Landlords Fight Bar on Short-Term Rentals

MANHATTAN (CN) – Landlords of “short term rentals” in New York City challenged the constitutionality of a new state law on multiple family dwellings, claiming it was enacted solely to put them out of business. At issue is the fate of a class of low-cost, short-term rental apartments in and around the city that many see as unsavory, but which the plaintiff landlords say provide vital services, jobs for thousands of New Yorkers, and an important source of tax revenue for the city.

     “The law makes it illegal for owners and lessees of residential properties to rent residential units in those properties for periods shorter than 30 days, thereby outlawing a lawful and time-honored practice that had played an important and beneficial role in the history of New York City,” plaintiffs Dexter 345 Inc., Dexter Properties LLC and Esplanade 94 LLC say in their federal complaint.
     Gov. David Paterson signed the bill into law on July 16, 2010. It is to take effect on May 1.
     The law purports to “clarify the definitions of terms used to describe the legal occupancy of class A multiple dwellings, to improve the ability of enforcement agencies to curtail the improper use of class A dwelling units as transient hotels, and to provide a pathway for the legalization of certain class A dwelling units constructed before 1929 for uses other than permanent purposes,” according to the complaint.

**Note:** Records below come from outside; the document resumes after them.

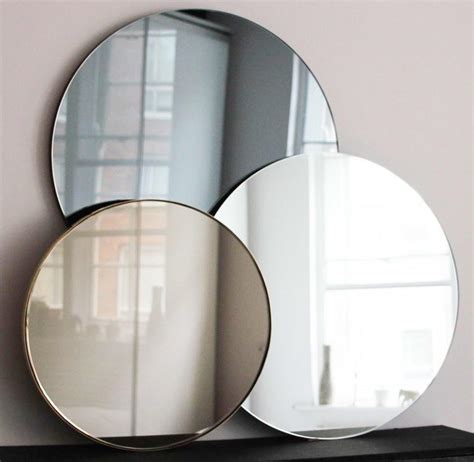 Black Tinted Orbis Round Mirror Frameless Diam 100cm 394 For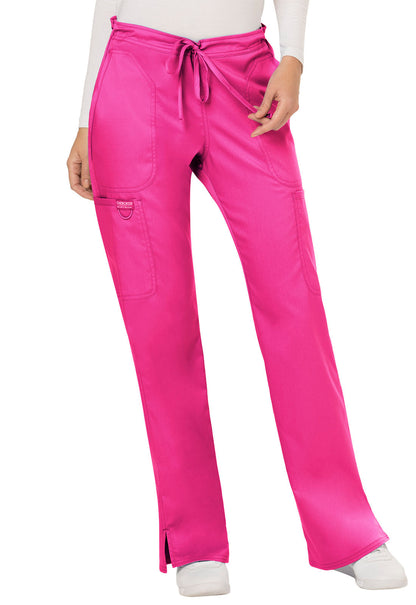 Cherokee Workwear Women's Mid-Rise Cargo Drawstring Pants WW120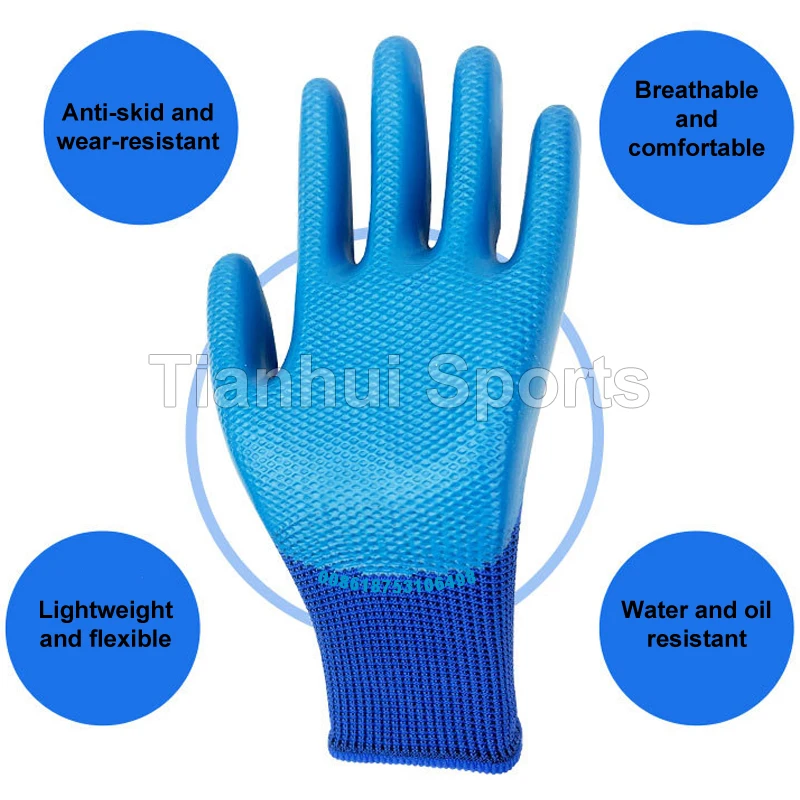 52g 62g Embossed Nylon Latex Workgloves Safety Gloves Working Gloves ...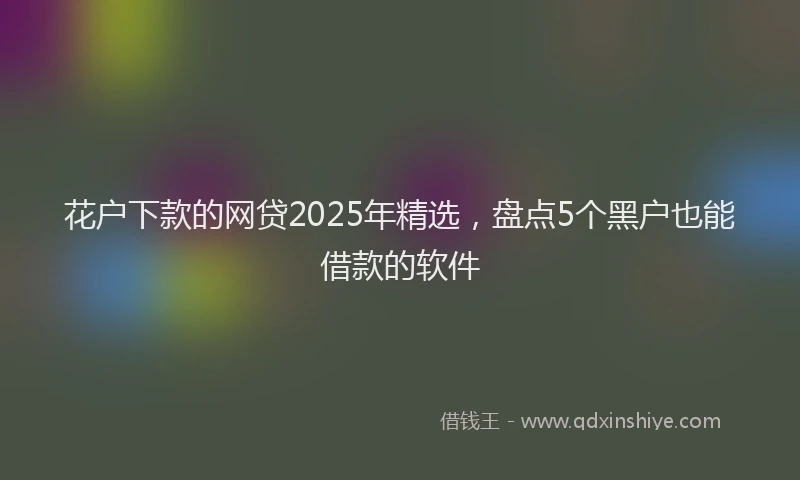 花户下款的网贷2025年精选，盘点5个黑户也能借款的软件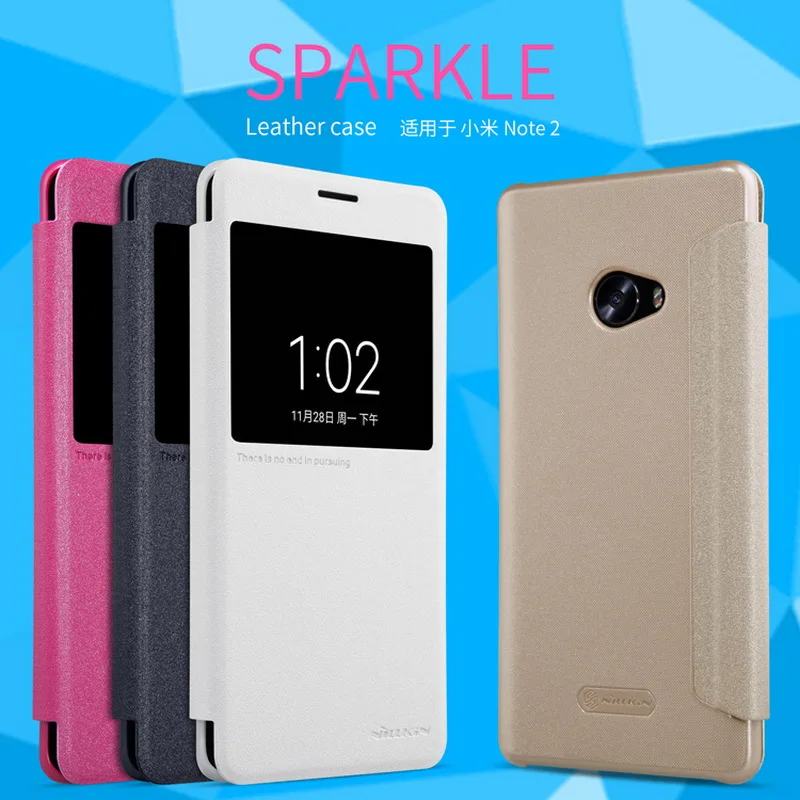 

For Xiaomi Mi Note 2 Case Flip Smart Answer Window View Leather Case for Xiaomi Note 2 Pro Prime NILLKIN Sparkle Fashion Cover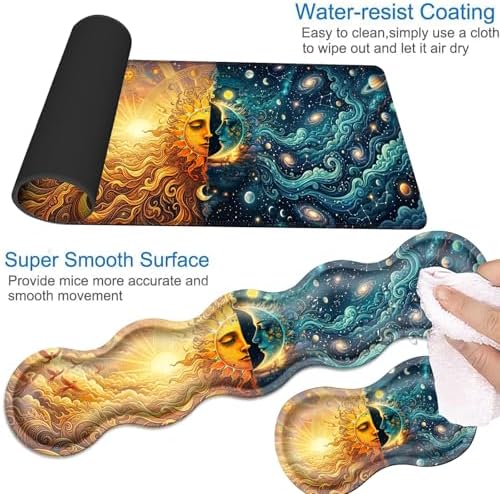 Desk Mat, Mouse Pad with Wrist Rest, 4-in-1 Large Mouse Pads for Desk, Ergonomic Mouse Pad and Keyboard Wrist Rest Gaming Keyboard Mat for Office,Sun and Moon - Image 3
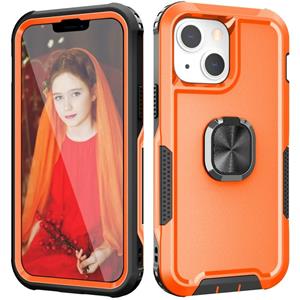 huismerk 3 in 1 PC + TPU Phone Case with Ring Holder For iPhone 13 mini(Orange)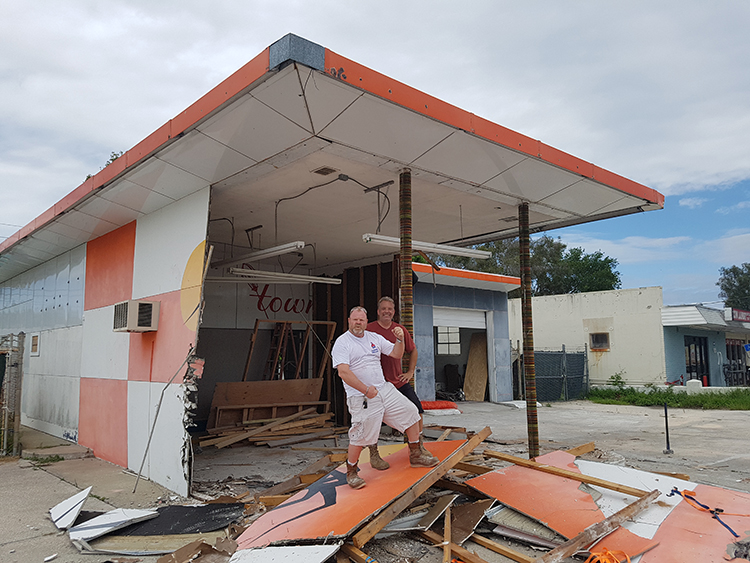 Howard Shirley and Rob Neff during the early phases of restoration for Clearwater Brewing Company. 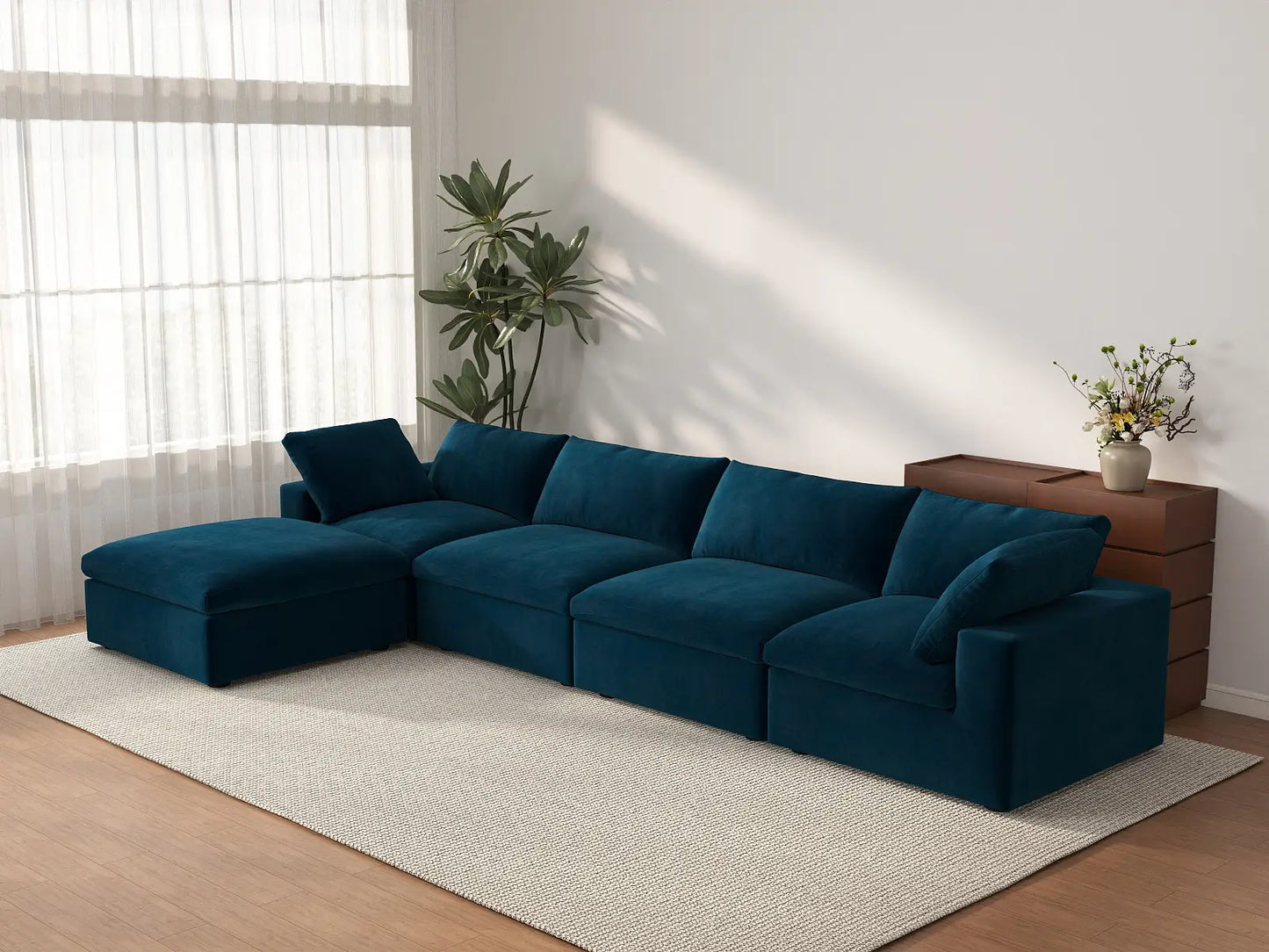 Deluxe Cloud 4-Seater Dark Blue Sofa Set | 5-Piece (Includes 1 Ottoman), Velvet Fabric, Washable Cushion Covers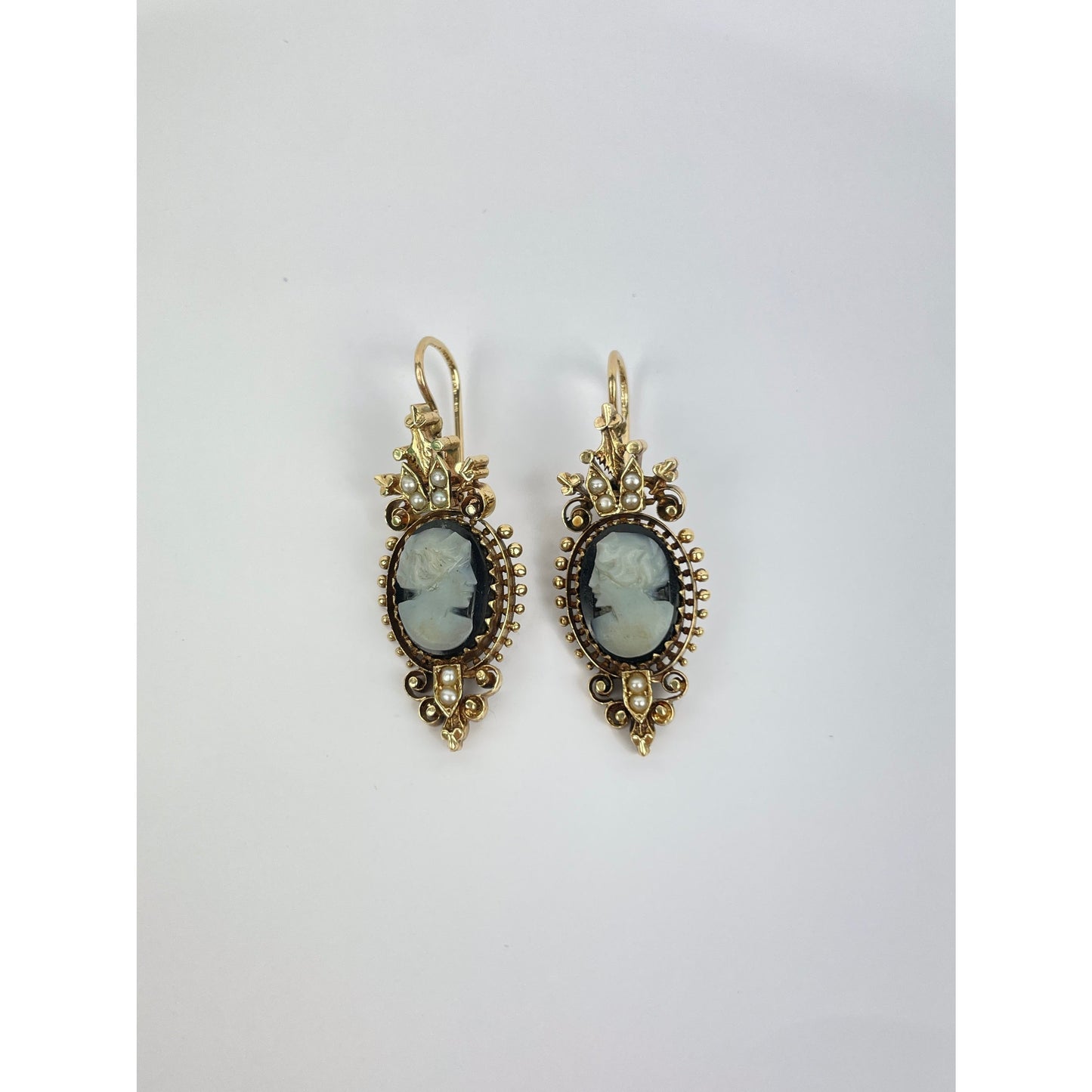 Pair of Victorian 14k Gold Pearl Cameo Earrings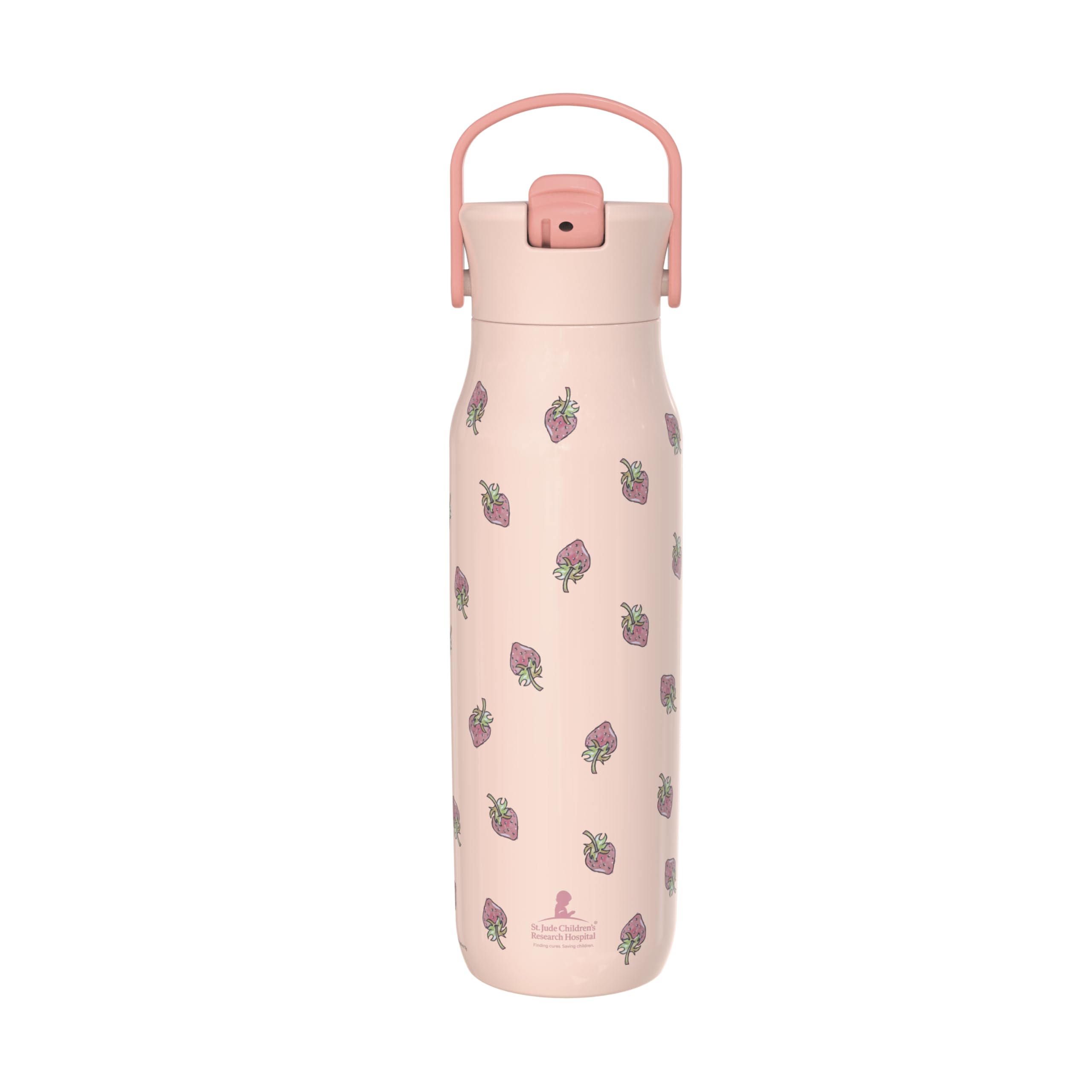 Zak Designs Harmony Water Bottle Benefiting St. Jude, For Travel or At Home, 32oz Stainless Steel is Leak-Proof When Closed and Vacuum Insulated with Straw Lid and Carry Handle (Strawberry) Image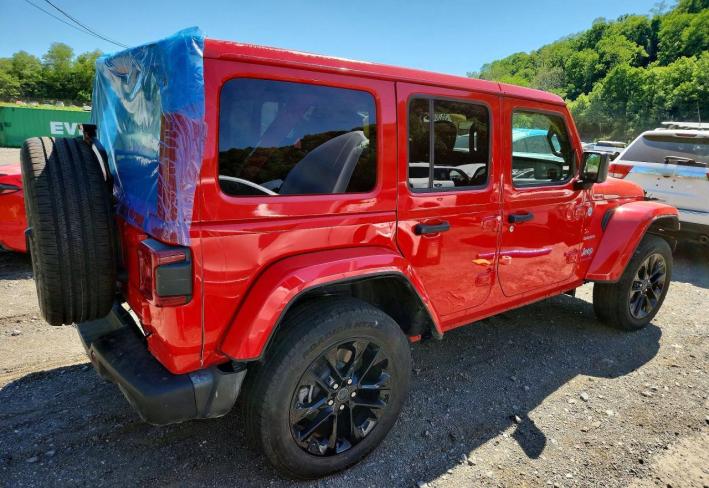 Salvage 2024 Jeep Wrangler Sahara 4xe in Red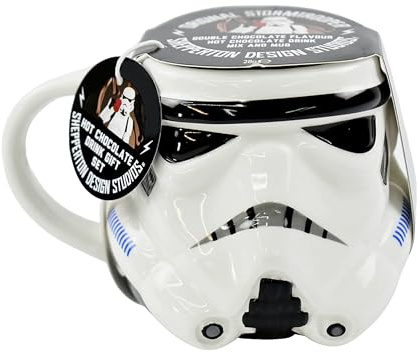 Ceramic Mug & Hot Chocolate Gift Set - Stormtrooper Helmet 18oz Capacity Molded Ceramic Mug with Double Hot Chocolate Sachet. Unique Christmas Gift for Movie Fans, Stocking Fillers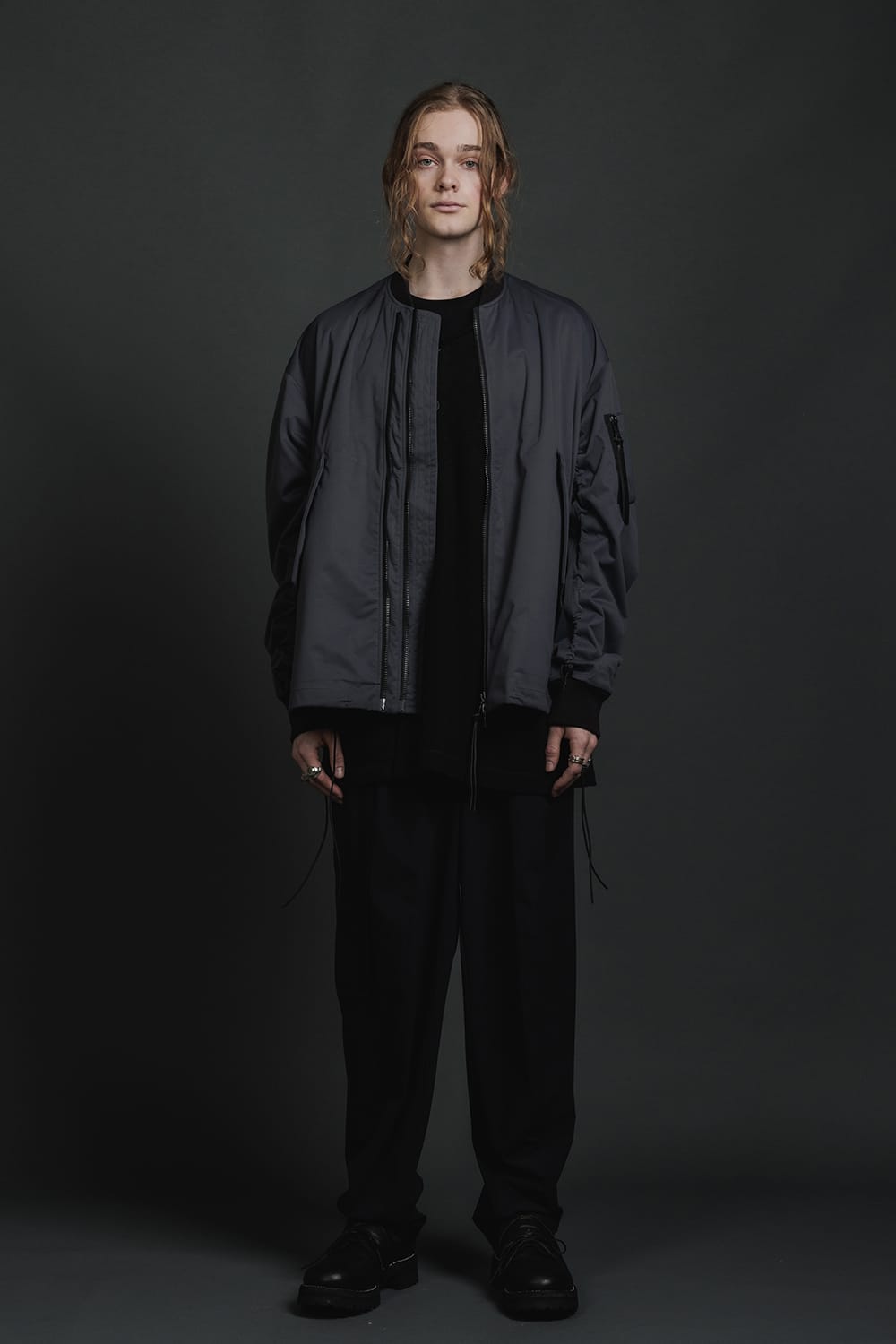 Water Repellent Bomber Jacket  Dark Gray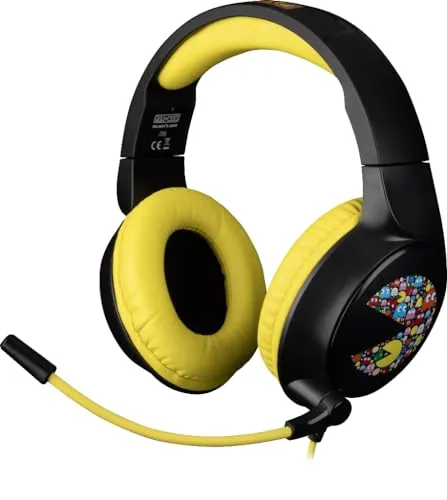 Konix Pac-Man Kabelgebundenes Gaming-Headset für PC, PS5, Switch 2, Xbox Series X|S - Gaming-Headset mit 45°-Mikrofon und 1,5 m Kabel für optimalen Komfort und außergewöhnliche Audioqualität, ideal für stundenlanges Spielen und Pac-Man-Fans.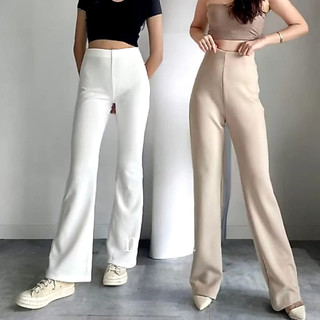 Flare Pants Scuba High Waist - Celana Scuba Panjang Cutbray Celana Kerja Wanita Terbaru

     The plaintiffs call it unconstitutional: a regulatory taking of their property interests “in clear violation of the takings clause of the Fifth Amendment of the U.S. Constitution.”
     The claim “the law destroys the plaintiff’s reasonable investment-backed expectations because, among other things, plaintiffs purchased and/or extensively renovated properties with the reasonable expectation that they would be able to use them in part as short-term rentals – a practice that had never before been illegal in New York.”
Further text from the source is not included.